1839 [Doubleday, Thomas] (1790-1870). “The Political Pilgrim’s Progress.” Northern Liberator 2.66, 68 - 69, 71, 74 - 76 (January 19, February 2 - 9, February 23, March 16 - 30, 1839): 3, 3, 3, 3, 3, 3, 3. Rpt. with illustrations as The Political Pilgrim’s Progress. From the Northern Liberator. Newcastle-Upon-Tyne, Eng.: Ptd. at the Northern Liberator Office by John Bell, 1839; and in Chartist Fiction. Thomas Doubleday, The Political Pilgrim’s Progress. Thomas Martin Wheeler, Sunshine and Shadow. Ed. Ian Haywood (Aldershot, Eng.: Ashgate, 1999), 17-59 with “Editor’s Notes (59-63). Doubleday is given as the author in Horst Rossler, “Literatur und politische agitation im Chartismus. Eine Studie zu Thomas Doubledays Political Pilgrims Progress.” Englisch Amerikanische Studien 3 (1981): 3 (1981): 108-21. This is accepted by H. Gustav Klaus, The Literature of Labour: Two Hundred Years of Working-Class Writing (Brighton, Sussex, Eng.: The Harvester Press, 1985), 51-52, but Haywood, in his “Editor’s Introduction” (3), argues that Robert Blakey (1795-1878) was also involved in writing it. L

An allegory in which Radical makes his way with his family from the City of Plunder to the City of Reform.

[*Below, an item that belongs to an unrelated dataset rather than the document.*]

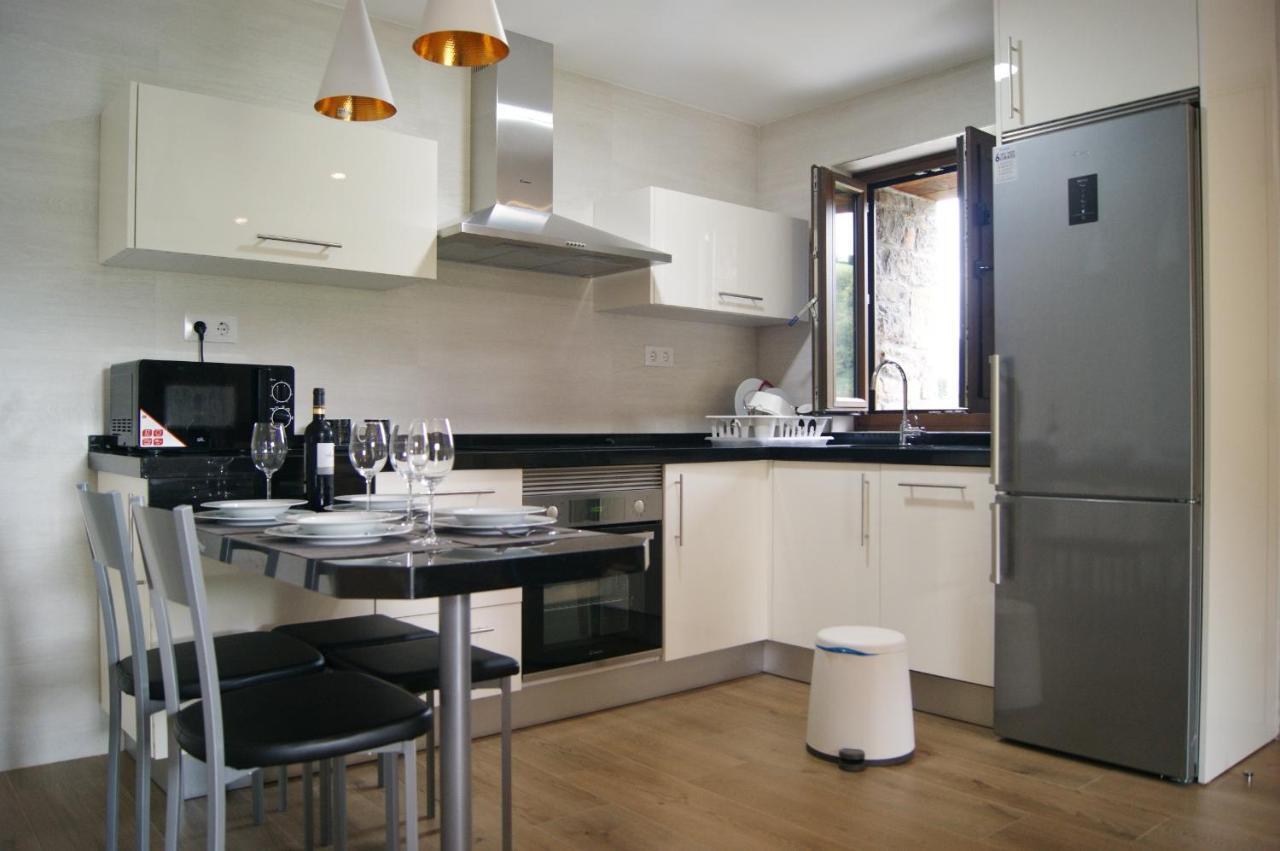 Apartamentos Rurales Penon Blanco Penerudes Экстерьер фото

While meeting much opposition and overcoming many temptations, he arrives in the City of Reform, which has no direct taxes, no professional politicians, no standing army, and no distinctions between rich and poor. It has a citizen’s militia and requires its men aged 20 to 50 to be armed both physically and morally.